The New Normal – My Deadline For This Column Was Valentine’s Day: Dating With A Chronic Illness


The other day my boyfriend and I realised that he had only met me once pain free. This got me reflecting on how different my life is now and how my priorities have changed in the past couple of years. We went on our first date in May of 2018, a month before my chronic headaches started, and fell out of contact for six weeks after (Reader, I ghosted him). I became very ill in those six weeks and couldn’t stop wondering what would happen if I unpatched him. I was lonely and I missed being the person I had been on our first date: pain-free, happy and not looking for a relationship. I don’t know what I was expecting when I messaged him again but I had had a lot of fun on our date and I desperately wanted someone to talk to. When you have a chronic illness, the people closest to you can often be the hardest to confide in. It’s difficult to tell the people who love you that you’re suffering, and I was forever worried of boring people or being labelled as moany by my fledgling uni friend group.

So, we began talking again, online.
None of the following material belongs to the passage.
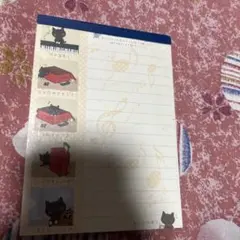 靴下にゃんこメモパッド A5サイズ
Him in his flat in Glasgow and me in my parents’ house – from my bedroom with the blinds closed. The tone of our conversation changed
dramatically depending on the level of light outside. During the day our messages would be very carefully crafted; we both cringe reading them back now and remembering how much we were trying to impress each other. The messages we sent at night were different; I was barely sleeping and finding the endless hours in bed alone hard to deal with. These texts are difficult to read. Around 2AM I would tire of pretending to be funny and start to share how I was actually feeling: how worried I was about the future and how isolated the pain made me feel. This was a period of limbo. It was the summer after my first year of uni, I was slowly coming to terms with this new illness and then, accidentally, was on the verge of my first romantic relationship.

We continued to talk almost constantly for a month and developed a strange kind of
intimacy I hadn’t felt before. I started to understand how people fell in love online and
moved across the country to be with people they had never met. And then, I started getting a little better. I moved back to Glasgow and we got together and it was great. It would be nice if that was the end of it but, sadly, dating somebody with a chronic illness is consistently complicated. I was better than I had been, but still unwell nearly all the time. I struggled to make it to uni that whole semester and I felt like my identity was being redefined by my illness; I couldn’t cook, I couldn’t work, I could barely do my own washing. The first four or five months of our relationship I was living a kind of half-life and it was horrible, but when I look back on that time I still feel happy. I have a lot to thank him for. The messy beginning of our relationship meant that we built the strongest foundations. I know that he has seen all of the worst bits of me, and he saw them from the very beginning of our relationship – some pain-related, some not.

Thank you for coming to the doctors with me even though I’m always gloomy beforehand. Thank you for listening to me slag everybody off all the time when I’m grumpy and I have a headache. Thank you for not minding when me and Ellen stay up all night in the living room singing Joni Mitchell and crying when you have work the next day. Thank you for never ever minding when I cancel plans and for always being happy to stay in and watch The Chase. Thank you for leaving early with me. There were some times when I was ill that summer when I would worry that I’d never move back to Glasgow; that I was so difficult to be around that I should just stay with my family forever, that they were the only ones who would love me unconditionally and be able to deal with my illness. It’s nice to know that I have added to my family now, and that unconditional love can be found on Tinder. I have a family that love me, friends that love me, a boyfriend that loves me, AND a cat called Pickle. Crazy.